In Missouri, between 2000 and early 2008, the Missouri Department of Natural Resources received 1,700 complaints about odor emanating from hog Concentrated Animal Feeding Operations (CAFO’s). The state has done virtually nothing in response to those complaints – citing the biggest offender only ten times for emitting excess odor and failed to even investigate odor complaints over 900 times in eight years.1
Due to their dissatisfaction with the regulatory process, people from across the country have been forced to sue for nuisance damages, claiming respiratory and digestive problems, among others, related to large industrial animal operations. Many of these residents grew up on farms that have been in their families for generations, often over one hundred years, and are accustomed to the odors the come from what used to be the typical livestock operation. Those operations are dwarfed by the new industrial CAFOs where the waste of hundreds of thousands of hogs flow into sewage lagoons that are larger than multiple football fields. Millions of gallons of that waste will later be sprayed from dawn to dusk, and beyond onto fields, often just across the street from neighbors’ homes.
States such as Missouri welcomed these large industrial operations against the opposition of the neighbors. Once the CAFOs commenced operation the state lawmakers and regulators have often turned a blind eye to the misdeeds of the CAFO operators.
In the 1990s there were two lawsuits filed in the U. S. District Court for the Western District of Missouri seeking enforcement of the Federal Clean Water and Clean Air Acts.2 Those cases resulted in a Consent Decree against the operators of the hog CAFOs, but did not get any support from the Bush Administration. That Administration made it clear that it would not support any similar lawsuits in the future.

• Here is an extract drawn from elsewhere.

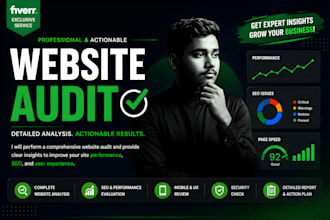 provide complete website audit report for your site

Therefore, neighbors and their attorneys have increasingly turned to filing lawsuits in state courts, alleging that the CAFO odors, emissions of hazardous substances, and discharge of polluted waste into local streams and groundwater prevent neighbors from enjoying their homes and property in the manner to which they are entitled. Such suits have been filed in Missouri, Iowa, Utah, North Carolina, Illinois and Indiana, among other states.
Gavin Off. What’s that Smell? Neighbors complain that factory hog farms are ruining their ways of life
. Columbia Missourian, January 2, 2008.
2 Citizens Legal Environmental Action Network, Inc. (“CLEAN”), et al. v. Premium Standard Farms, Inc., Case No. 97-6073-CV-SJ-6 filed in the Western District of Missouri; Citizens Legal Environmental Action Network, Inc. (“CLEAN”), et al. v. Continental Grain Co., Case No. 98- 6099-CV-SJ-6.